Saturday, 19 September 2009

The Liberator

Sermon for 8th February 2009 (Isaiah 40: 21-31; Mark 1: 29-39)

A certain lady always talked about her job at home, and her young daughter always listened with great interest. So she thought it would be a treat for her daughter to spend a day with her at the office. Since she wanted it to be a surprise, she didn't tell her child where they were going; she just said that it would be fun. Although usually a bit shy, the girl seemed excited at first, to meet each colleague that her mother introduced to her. On the way home, however, she seemed somewhat down. "Didn't you have a nice time?" asked her mother. "Well, it was okay." she responded. "But I thought it would be more like a circus." Confused, her mother asked, "Whatever do you mean?" She said, "Well, you said you work with a bunch of clowns, and I never got to see them!"

Work in this country is, mostly, reasonably well paid and the conditions are, on the whole reasonably safe and good, even if it’s not often a circus. Next week Fairtrade fortnight begins. It’s a reminder to us that for many people across the world, work is not good or well paid and in some cases is, literally, slavery, and a reminder that we can do something about that - each one of us.

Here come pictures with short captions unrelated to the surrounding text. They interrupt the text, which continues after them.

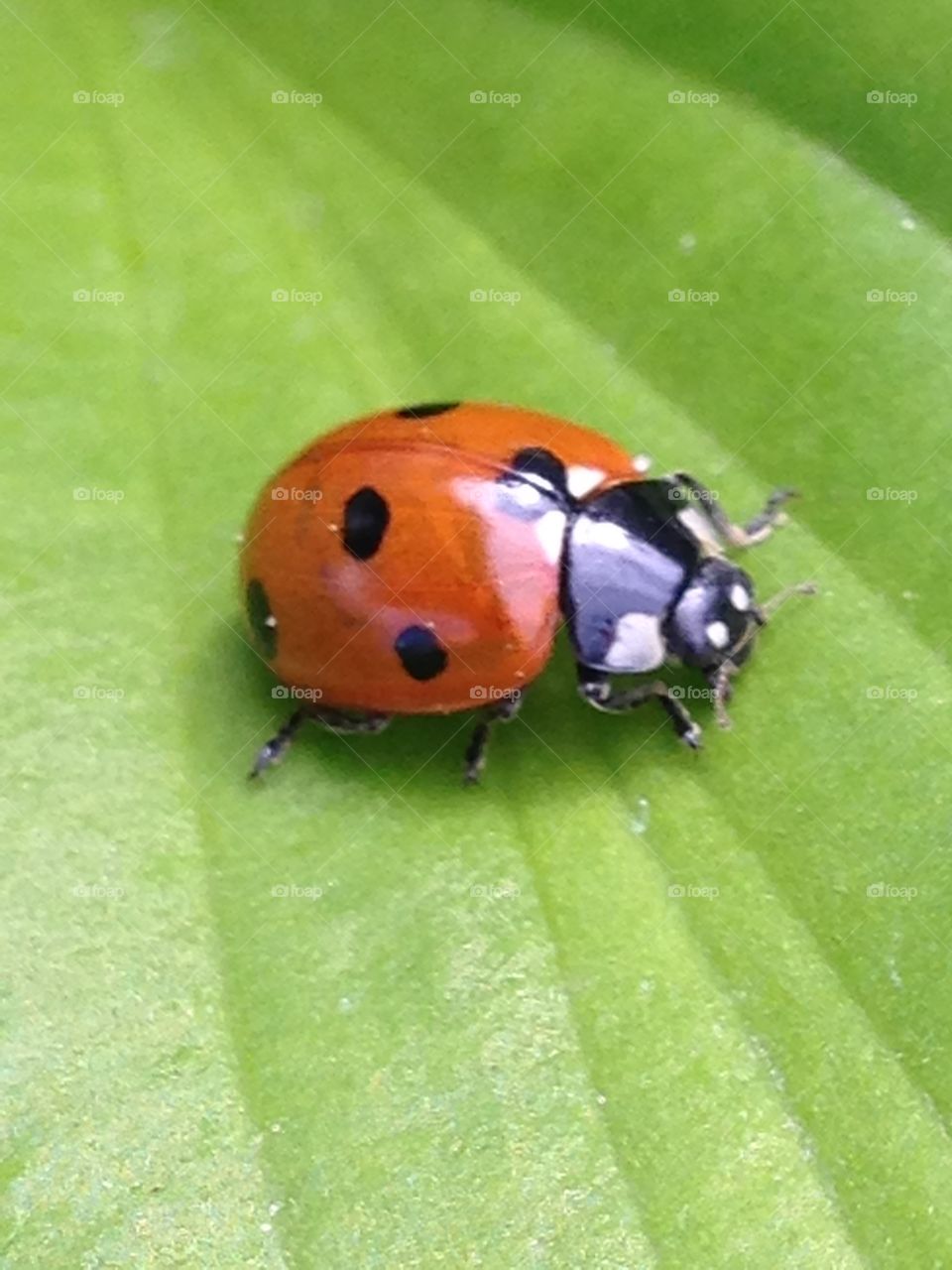 ladybug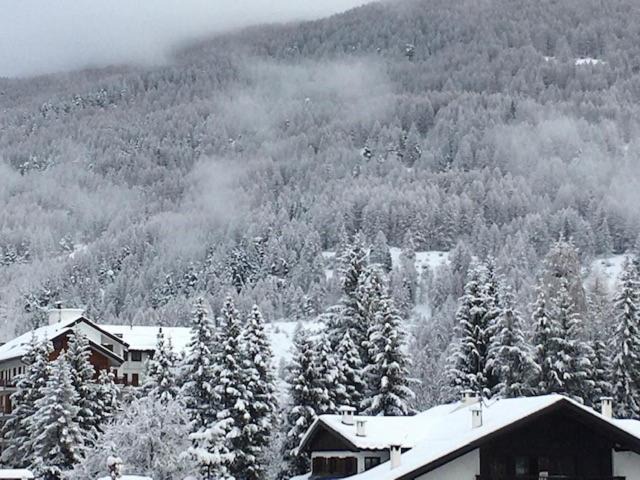 Photo of Others in Sauze d'Oulx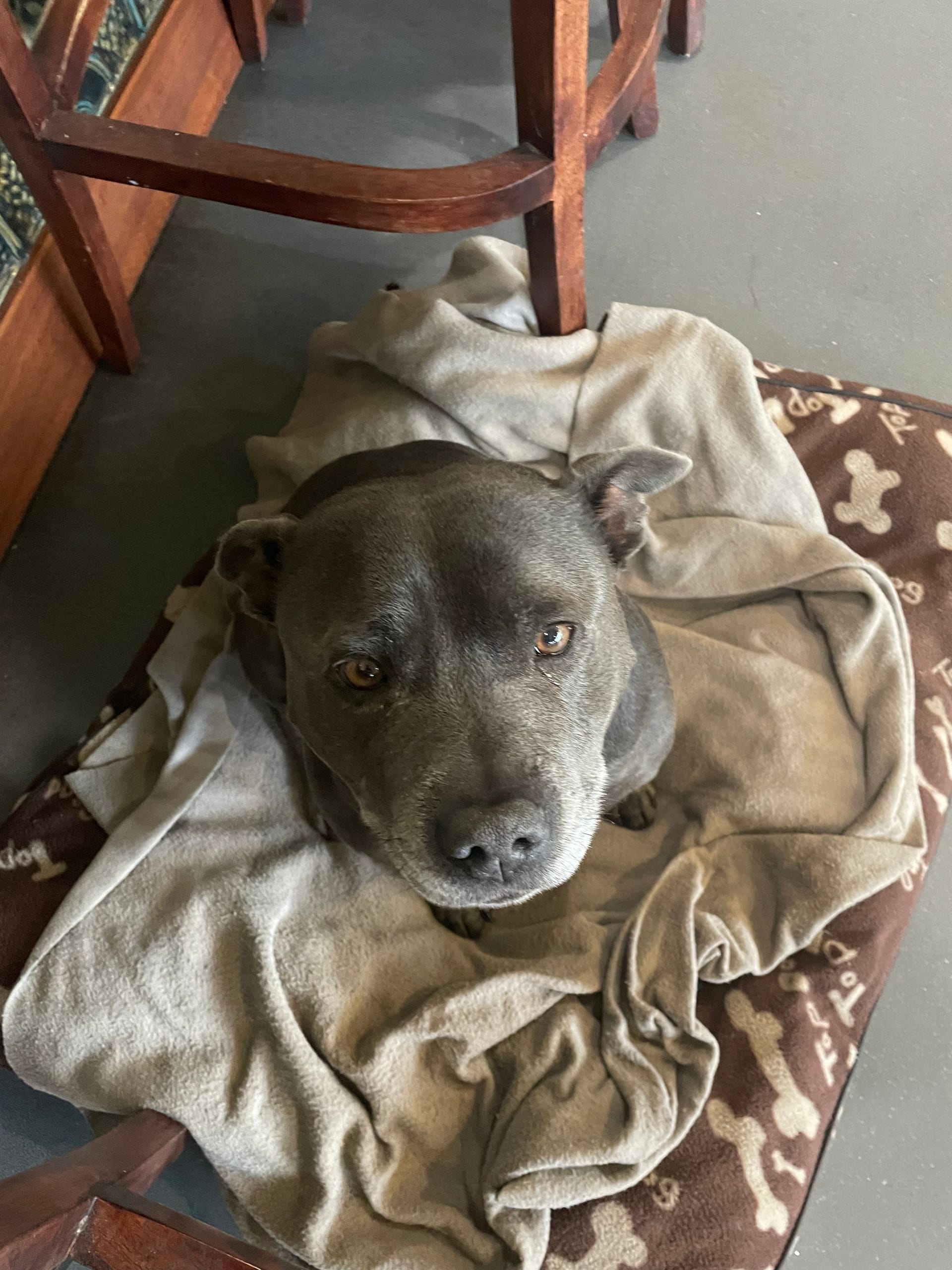 Frankie Blue: Der Staffordshire Bullterrier nimmt das Treiben im Restaurant gelassen.
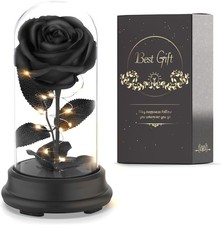 Forever Preserved Black Rose Birthday Gifts for Women,Eternal Flower Gifts for M
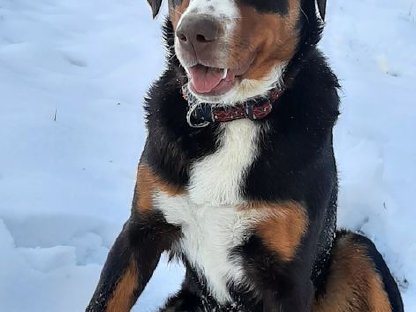 Bild 4:Appenzeller Sennenhund Deckrüde Maui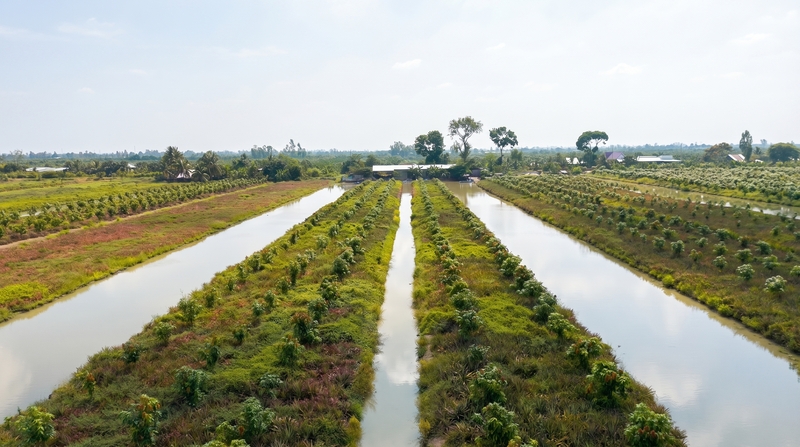 Nông trại Tam Ngọc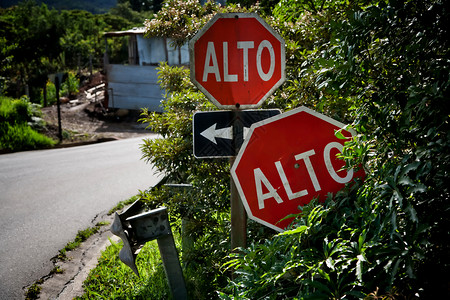圣埃莱娜哥斯达黎加的阿尔托标志背景
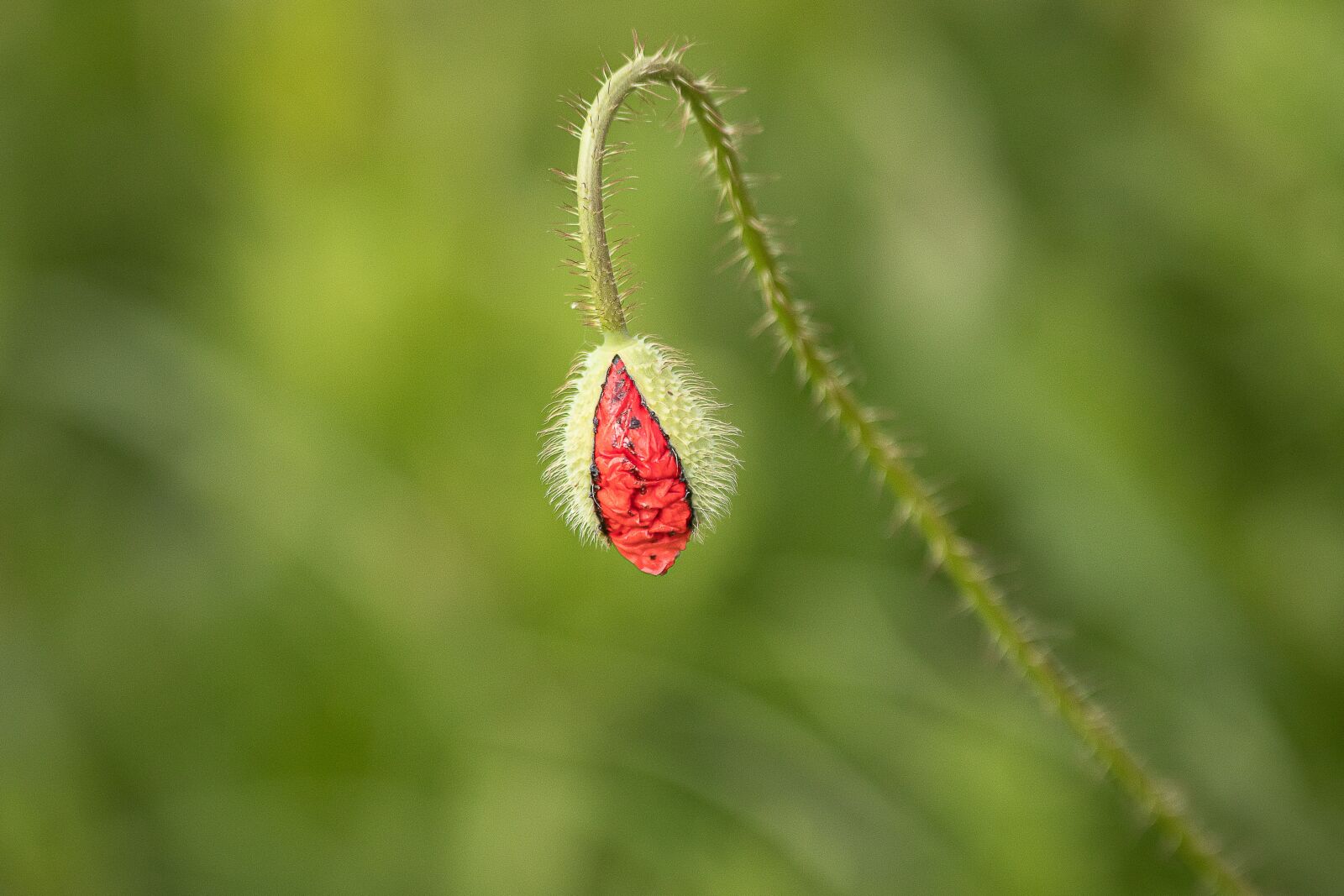 Canon EF 70-300mm F4-5.6 IS USM sample photo. Poppy, poppy bud, bud photography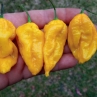 Острый перец Naga Brain Yellow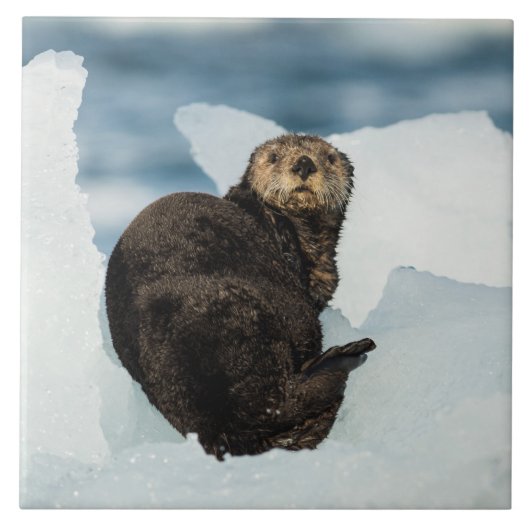 安静海船 タイル (正面)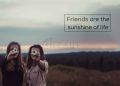 Fantastic Friendship Quotes-Friends are the sunshine
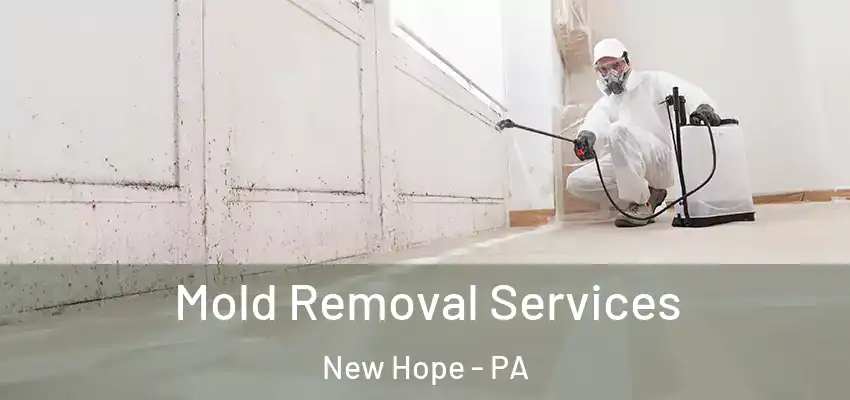 Mold Removal Services New Hope - PA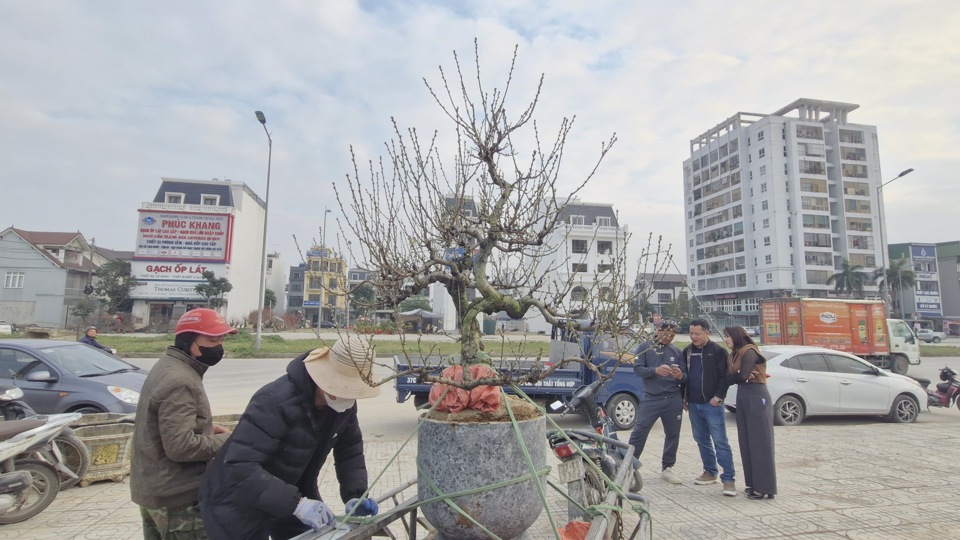 Một số kh&aacute;ch h&agrave;ng thậm ch&iacute; v&igrave; thấy qu&aacute; th&iacute;ch th&uacute; n&ecirc;n mua lu&ocirc;n cả gốc đ&agrave;o với gi&aacute; rất cao để thỏa m&atilde;n th&uacute; chơi đ&agrave;o cổ Tết.&nbsp;&nbsp;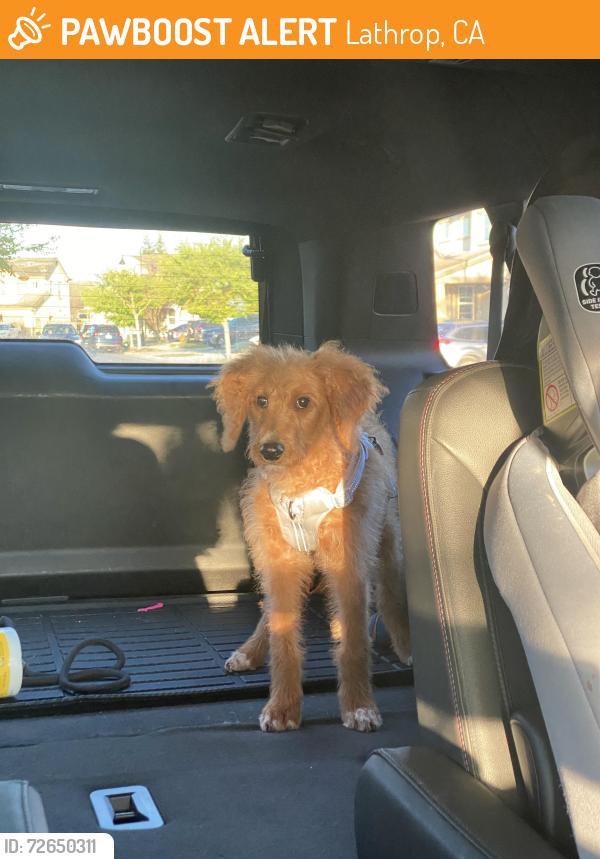 Found/Stray Unknown Dog last seen Academy and Spence, Lathrop, CA 95330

St Luke’s church council voted recently voted to apply for ‘Fair-Trade’ status. That was not new for us; we have used fairtrade coffee for years and now sometimes biscuits after church. Through sermons and discussions we’ve encouraged other people to use Fairtrade goods, like bananas, Divine chocolate, Percol or Cafedirect coffee and tea, Traidcraft goods, even clothes, although these tend to be the smaller stores or Christian groups selling from Christian bookshops or even off market stalls.

Why bother? Does it matter? What’s the reality of the problem? The things we buy in Tesco, Asda, Lidl, Sainsbury’s, we would like to think are goods made by people who get a fair wage for doing them. Sometimes that is true. Kenco coffee, for instance, is not officially Faitrade but do have a very caring attitude to their employees and do pay relatively good wages. Starbucks and the cafĂ© we use on days off in Lichfield uses Fairtrade coffee. All of that only happens because of the Fair Trade movement and things like Fair Trade fortnight acting as reminders to us all, including big businesses.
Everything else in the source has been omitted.